Winifred James approached her middle child and put her arms around his neck as Toni often did. She rested her forehead against his jaw and he embraced her, ever so gently.

The hug was so tender as to feel insubstantial. Sovereign had the impression that he had gathered in his arms a parcel of smoke that had once been his mother: a fleeting moment before an expected ending.

“I missed you, baby,” she whispered. “I missed you.”

“Mama,” he said, unable to put together any other thought or concept.

“Come on, Mama,” Zenith said after a couple of minutes of this sober, sorrowful embrace. “Let’s bring Sovereign in and let him sit down.”

“Oh, yes,” Winifred James said. But she didn’t let go. “Yes, we should give him some a’ that hard lemonade you made.”

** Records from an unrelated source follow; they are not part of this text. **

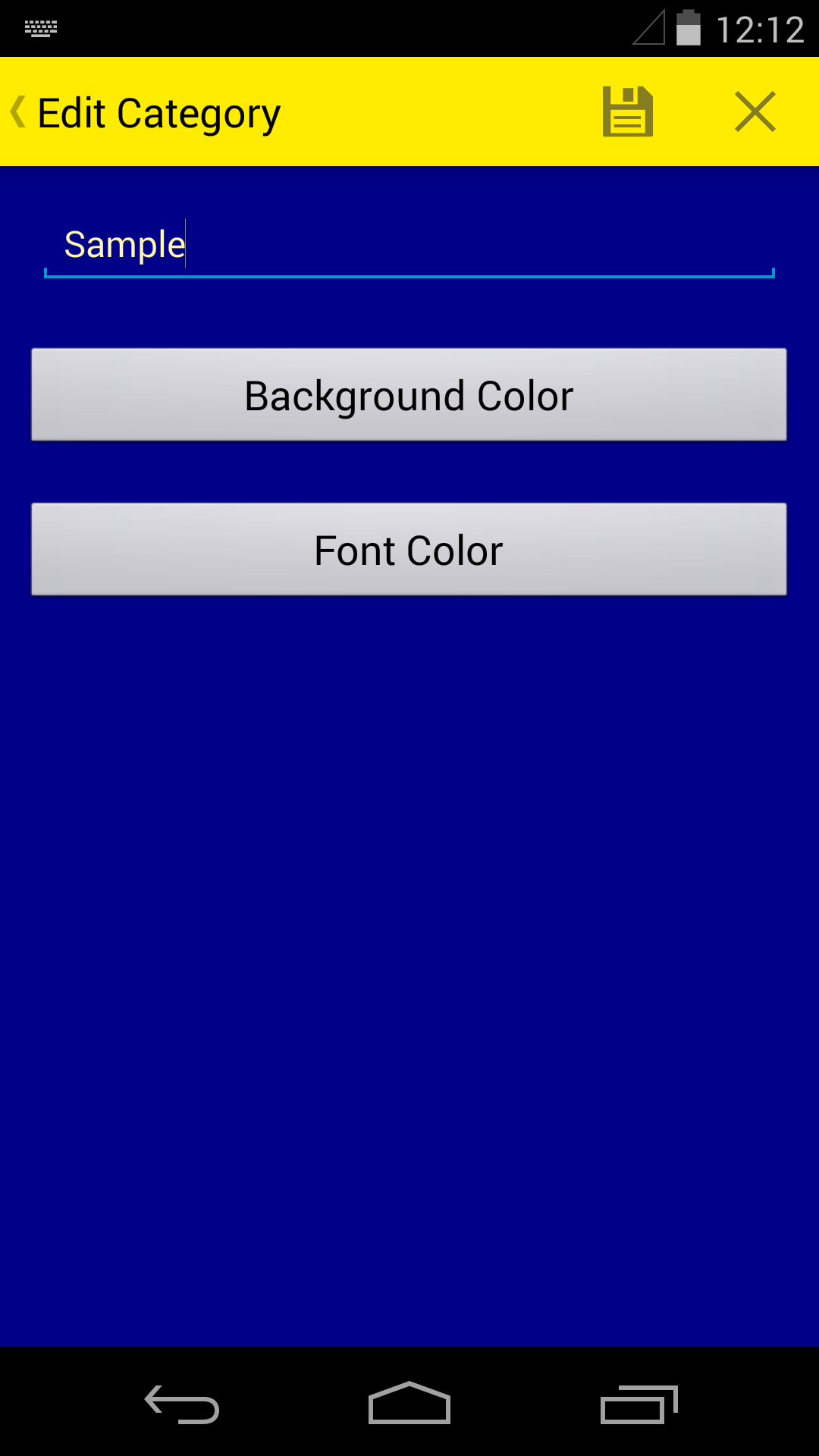 Simple Memo PadAmazon.deAppstore for Android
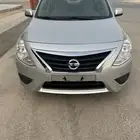 للبيع نيسان صني 2022 وكاله خليجي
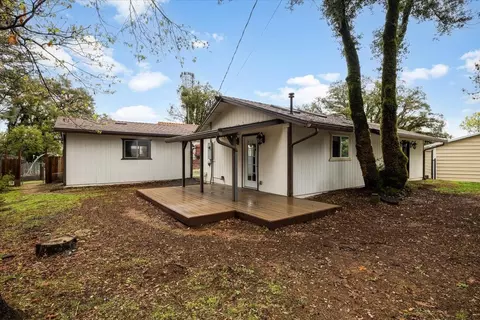 Exterior - 780 Boole Rd, Applegate, CA 95703 photo 3 of 9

Sovereign stood there with his frail mother in his arms. It was an odd feeling, a solitary incident that was out of the range of any experience he had known.

“Mama,” Eddie said, and she raised her head from Sovy’s jaw. “Mama, come on in the dining room and we’ll all sit down and talk.”

While saying these words Drum-Eddie took his mother by the hand, disentangled her from Sovereign, and led her from the unfinished room into the interior of the apartment.

“Sit down and talk,” she said, repeating the words gratefully.

The dining room was a shock.

It was a comparable size to the dining room they had in the cylindrical San Diego home. It was laid out with the same furniture, and even the carpet looked similar to the one Sovereign and Drum rolled on as children.